Il 7 aprile 2015, in una intervista per il Corriere della Sera, il ministro degli esteri Paolo Gentiloni ha comunicato quella che ha l'aria di essere la posizione definitiva del Governo Renzi nei confronti dei temi - oramai più che urgenti - di Libia e Nigeria.



Come sappiamo, la minaccia in Libia è rappresentata dai miliziani dell'Isis, mentre, la minaccia in Nigeria è data dai miliziani di Boko Haram.

Il ministro è attento, non parla di temi urgenti riferendosi direttamente a Isis e Boko Haram, parla di Libia e Nigeria.

Non si tratta solo di scegliere il linguaggio geografico anziché quello militare per dire la stessa cosa.



Quella di Gentiloni è una dichiarazione che potremmo definire terapeutica già a partire dall'evento linguistico stimolato nell'ascoltatore.

In altre parole, parlare di Libia significa poter tenere a mente, oltre all'esistente minaccia dei miliziani dell'Isis, anche la presenza di musulmani non violenti con i quali continuare a portare avanti un piano di mediazione e cristiani perseguitati da difendere sul territorio. Stesso discorso per la Nigeria.



Quella esposta da Gentiloni ha tutta l'aria di essere una comprensione del problema terrorismo attraverso e all'interno di una prospettiva realmente composita.

Non si tratta di dover scegliere se è meglio l'intervento militare o l'azione diplomatica piuttosto che le iniziative di accoglienza.

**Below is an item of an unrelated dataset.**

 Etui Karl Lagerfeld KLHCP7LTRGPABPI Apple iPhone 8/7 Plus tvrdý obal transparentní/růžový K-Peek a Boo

In realtà, abbiamo a che fare con tutti questi problemi, sarebbe assurdo pensare di risolverli tutti con gli stessi mezzi e modalità.

La storia dell'umanità narra in diversi modi quelle che potremmo definire le "tare del pensiero umano", una su tutte la superstizione, l'idea di poter ricondurre e risolvere qualsiasi fenomeno della realtà nella stessa maniera.



La dichiarazione di Gentiloni aiuta ad allontanarci da quella che oggi potremmo definire "superstizione politica", o semplicismo riduzionista.



Il dibattito politico inizia ad assumere sempre meno i toni da "gioco delle tre carte".

L'invito di Gentiloni è, fondamentalmente, triplice:

  • Aiuti per profughi cristiani
  • Sistemi di accoglienza per gli immigrati
  • Azioni militari contro i terroristi

Alla ragionevole e lucida analisi, dal carattere necessariamente composito, dell'azione in Libia e Nigeria, il ministro aggiunge una nota di spirito e critica l'intollerabile indifferenza del "nostro mondo".



Nella mente del ministro c'è l'immagine dell'italiano medio, egoista, ignavo, dalla risposta facilona e disfattista sempre pronta.

Forse è ora che ci si interroghi un pò più seriamente a proposito di cosa potrebbe realmente portare una politica basata sull'idea che aiutare i profughi cristiani sia uno spreco di soldi, installare sistemi di accoglienza immigrati sia una follia e compiere azioni militari contro i terroristi sia un errore.

Ci chiediamo - vista la veloce degenerazione e pericolosità della situazione - nel momento in cui questo gioco politico delle belle statuine dovesse indirettamente contribuire all'avanzamento della minaccia armata, minaccia anche interna nel momento in cui ci si disinteressa di instaurare cooperazioni con gli immigrati, a cosa ci serviranno di bello i soldi non spesi?

Forse a curarci dopo qualche attentato? Speriamo le farmacie siano ancora aperte e gli ospedali in piedi!

La nota di spirito, al di là delle critiche, prosegue con la citazione delle parole e della persona del pontefice a proposito del "silenzio complice" e relativo invito a non assistere immobili al massacro di così tanti cristiani nel mondo.